= Office of Terrorist Financing and Financial Crimes =

United States Department of the Treasury agency

The Office of Terrorist Finance and Financial Crimes (TFFC) is an agency of the United States federal government in the United States Department of the Treasury. Under the supervision of the Under Secretary for Terrorism and Financial Intelligence, the TFFC is policy development and outreach office for the Under Secretary and works across all elements of the national security community – including the law enforcement, regulatory, policy, diplomatic and intelligence communities – and with the private sector and foreign governments to identify and address the threats presented by all forms of illicit finance to the international financial system.

TFFC advances this mission by developing initiatives and strategies to deploy the full range of financial authorities to combat money laundering, terrorist financing, WMD proliferation, and other criminal and illicit activities both at home and abroad.
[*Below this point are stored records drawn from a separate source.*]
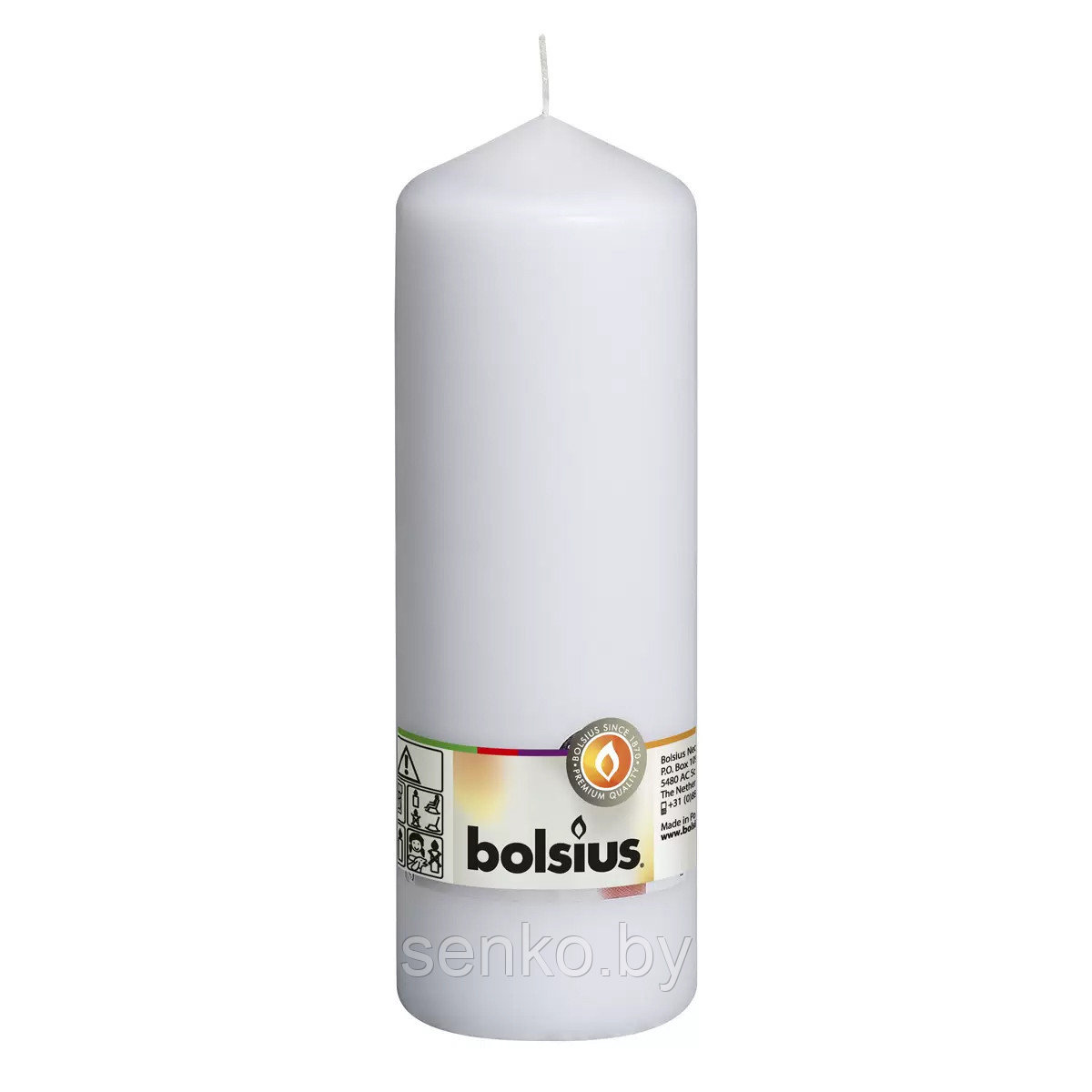 Свеча столбик белая 250/78 Bolsius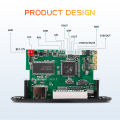 DC 12V Bluetooth MP5 MP4 MP3 Decoder Board Audio Receiver 1080P HD Video Player Movie Photo Ebook FM Radio AUX USB TF for Car. 
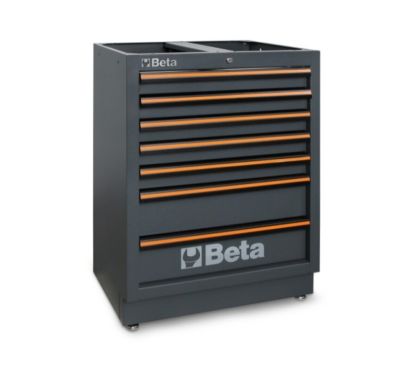 Module fixe BETA 7 tiroirs gris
These include not only systemic initiatives to enhance the transparency of the international financial system, but also threat-specific strategies and initiatives to apply and implement targeted financial measures to the full range of national security threats. Primary examples of these roles in advancing this mission is TFFC’s leadership of the U.S. government delegation to the Financial Action Task Force, which has developed leading global standards for combating money laundering and terrorist financing and its role in specific efforts to counter threats like proliferation, terrorism and the deceptive financial practices of Iran.